In 1950, Gerry went to Australia, leaving his wife, daughter Franca, and son Bruno behind in Italy. Gerry travelled to Clonbinane, and the family followed him in 1952. Franca tells the story that “Mum and I cried for months. We hated it there! No people to talk to and no Italian food!”
A baby sister was born in 1952 and for a while the family was split up, before coming together again in Broadford in 1953. Franca got herself a job at the Clothing factory in Broadford in 1953, and Gerry got one at the APM paper mill, where he worked for many years. The family was unable to live together while they were looking for a home, but eventually they found one in Pinniger Street, Broadford.
Today Franca lives in Melbourne and she has family living in Kilmore. Her brother Bruno and sister Alex (Sandra) are both artists. Sandra was a year ahead of Margie Inness at Broadford High School. Bruno has gone on to greater things.

“Bruno Leti (born 1941), is a painter, printmaker, photographer and publisher of artists’ books. His semi-abstract etchings, woodcuts, aquatints, monoprints and collagraphs are well known in Australia through exhibitions and numerous publications.”
“Leti has been exhibiting regularly since the late 1960s in Melbourne, Canberra, Perth, Brisbane, Adelaide as well as abroad, most notably in Chicago, Cologne, Kyoto, Milan, New York, and Washington DC.”
Unfortunately, the list of Bruno’s exhibitions left out one other important site- Broadford Shire Hall in 1967.. In fact, Mitchell Shire owns a Bruno Leti original, which I will try to locate. If it’s not on permanent display, perhaps I can get someone to put it out where we can all see it, some time soon. I estimate Bruno is now 81 years old, and he lives in Melbourne.
Several years ago, Cathy Coppinger, a senior teacher at Broadford Secondary School, invited Bruno to address some of their students. Bruno happily agreed, and it was apparently a wonderful and memorable experience for everyone. Cathy remembers him as “a lovely man, and very generous with his time.”
Bruno’s sister, Alexandra, (Sandra) is also a very talented Melbourne-based artist.
Background
How did we become interested in Captain Arthur Jowett?

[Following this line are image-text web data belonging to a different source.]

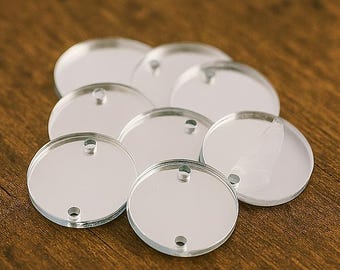 Sew On Acrylic Mirror Discs | 3mm Silver Round, Pre-Drilled Silver Embellishments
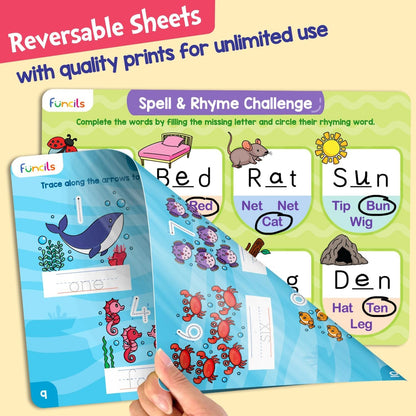 Funcils Learn to Write for Kids - Educational Toys & Games, Preschool & Kindergarten Learning Activities, Writing Practice Book, Birthday Gifts for Girls and Boys for Ages 3, 4, 5, 6 Year Old
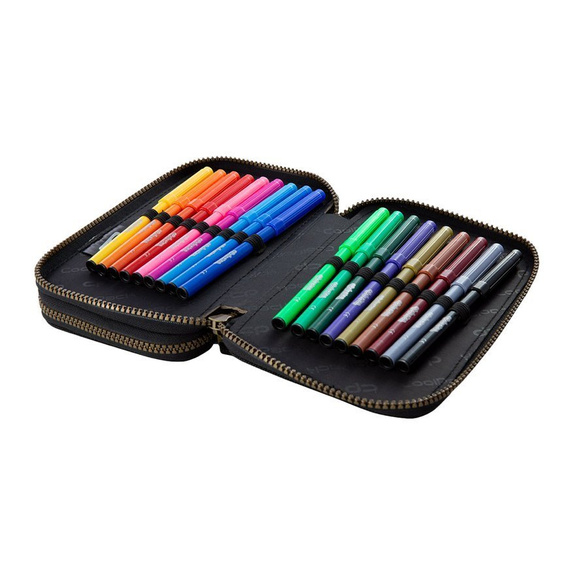 Piórnik szkolny podwójny z wyposażeniem CoolPack Jumper 2 Badges G Grey 49841CP nr B66155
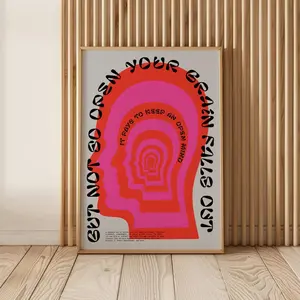 Open Mind Poster – Retro Psychedelic Typography Art, Pink Head Silhouette Print, Modern Wisdom Wall Art.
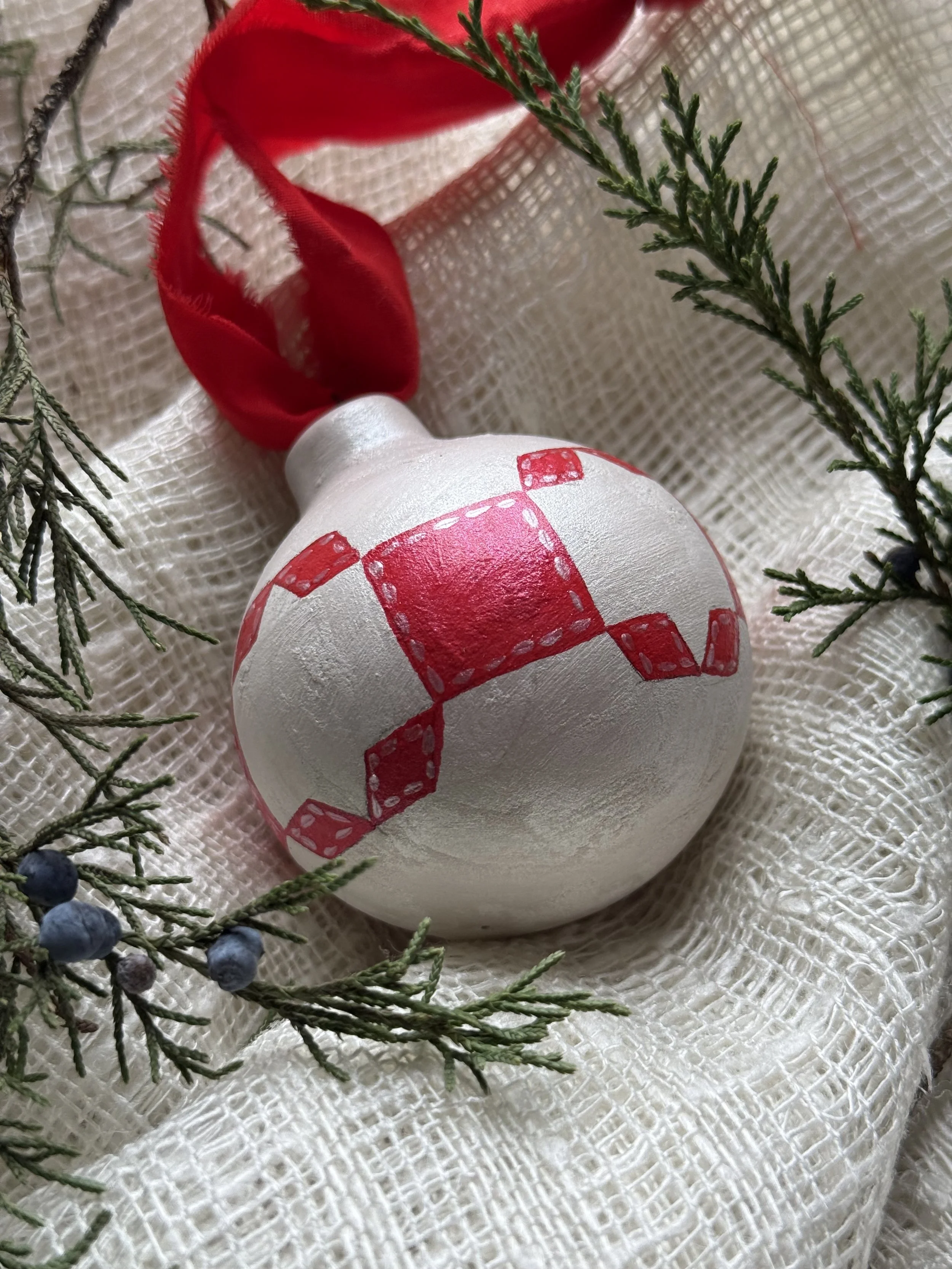 Ceramic Ball Ornament Hand Painted with a Quilt Pattern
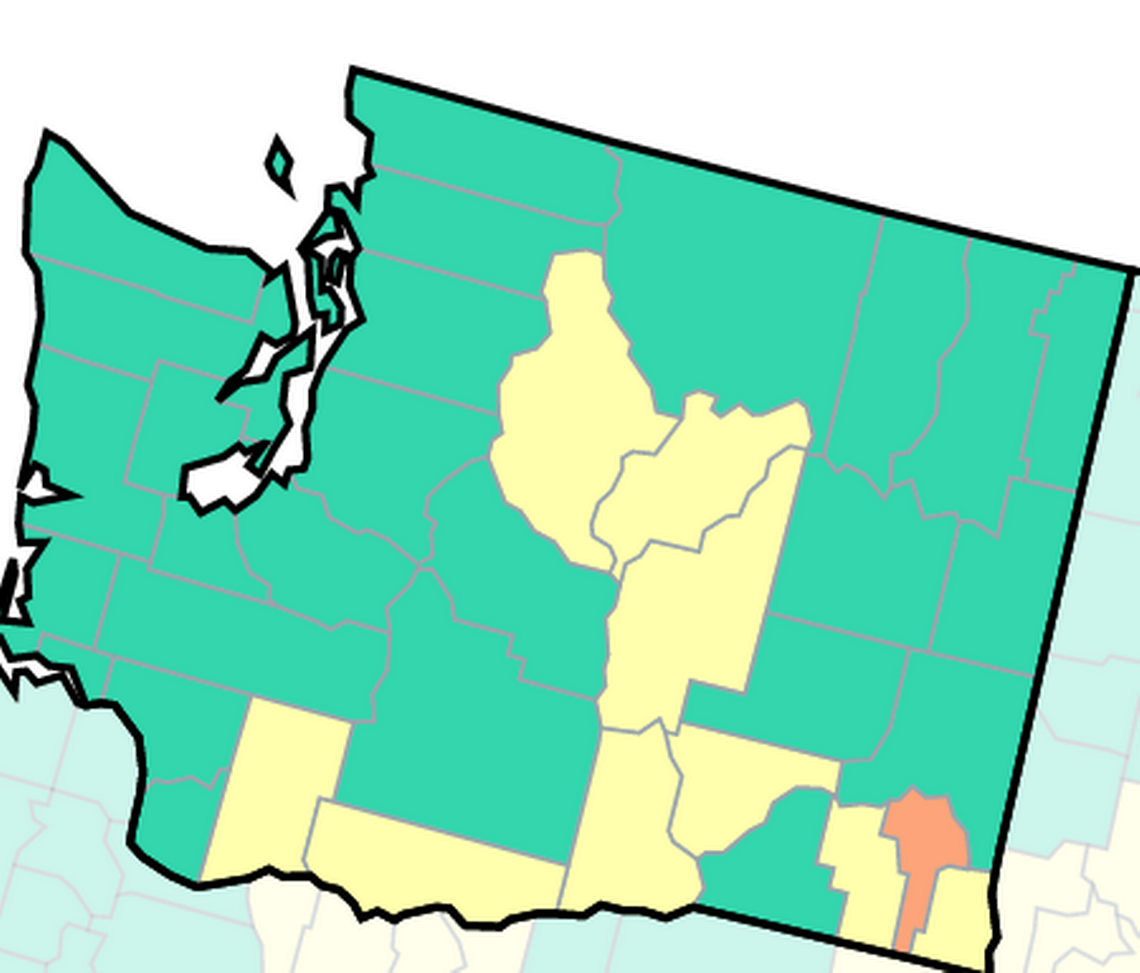 The Centers for Disease Control and Prevention rates the COVID-19 community level in both Benton and Franklin counties as “medium.” On the map, green is low, yellow is medium and orange is high.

Thanks go to Jesse from Broadford Alternative School for his work restoring historic items from the Broadford Historical Society.
We have an old pack-saddle from 1915, which we believe once belonged to Captain Arthur Craven Jowett of Clonbinane Park. It was badly in need of some care and attention, and Jesse was just the one to do it for us.
Under supervision from the fellas at Broadford Men’s Shed, Jesse has brought it back to life. The rust has gone, and the leather has been oiled and polished. Captain Jowett would be so pleased to know that is still around and looking like new, almost.